En una carta de abril de 1949, Gabriela Mistral escribía a Doris Dana: “Yo no tengo fe en lo humano, vida mía, aunque parezca tenerla”. Quizás sea porque hay quienes tenemos el “alma trágica” -como ella misma diría- que siempre ha sido una de mis frases favoritas. En ese mismo conjunto de cartas, aunque algún tiempo después, Mistral -ya casi en los últimos años de su vida- insistía en la necesidad de “una casita con huerto” donde ella pudiera ser “un poco feliz”.

Mientras recogía e intentaba hilvanar los textos que forman parte de Elogio de la naturaleza estas dos frases se asomaban cada tanto… No diría que su cara era de pregunta -si es que las frases tienen cara-, sino más bien de atenta expectación.

Me preguntaba cómo se insertaban estas ideas en el pensamiento de una mujer que tan incansablemente y desde tantos frentes distintos, abogó y luchó, precisamente, por lo humano. Pero claro, en su complejo pensamiento había dos nociones de lo “humano”, una que le era propia y otra que le había sido impuesta.

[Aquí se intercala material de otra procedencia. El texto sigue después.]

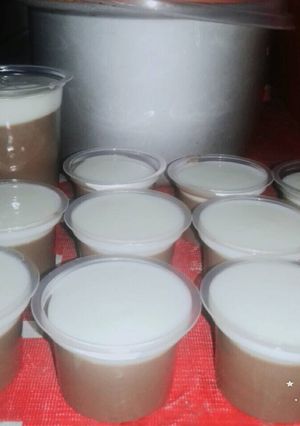 Foto resep Puding coklat with vla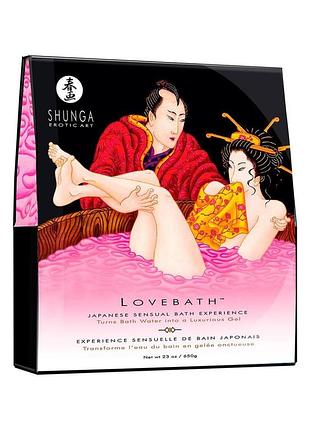 Гель для ванни shunga lovebath — dragon fruit 575 г, робить воду ароматною желе зі spa-ефектом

“Las gentes superficiales que suelen tener pujos de espirituales -dice en “Conversando sobre la tierra”-, creen que las cosas humanas y divinas se hallan contenidas exclusivamente en el hombre y que basta él solo para sostenerlas. Estiman que, a la religión, por ejemplo, le basta el libro que la explica y el pecho que la reza; consideran que a una lengua le basta una literatura magistral y que no importa el que la hable mal el pueblo; porfían que la costumbre subsiste entre las costumbres extranjeras y todo esto es un amasijo de inexactitudes. Desde que Dios sopló alma en el barro de Adán y puso ese cuerpo animado en su jardín, se fijó la alianza perdurable del alma, cuerpo, suelo. El alma pide el cuerpo para manifestarse y el cuerpo necesita de la tierra para que ella le sea una especie de cuerpo mayor que la exprese a su vez y que le obedezca los gustos y las maneras. La tierra contiene nuestros ademanes y recibe nuestros gestos en la ordenación que le imponemos”.

Quizás vaya siendo hora que nos preguntemos en qué humanidad pondremos nuestra fe, si es que aún nos queda alguna.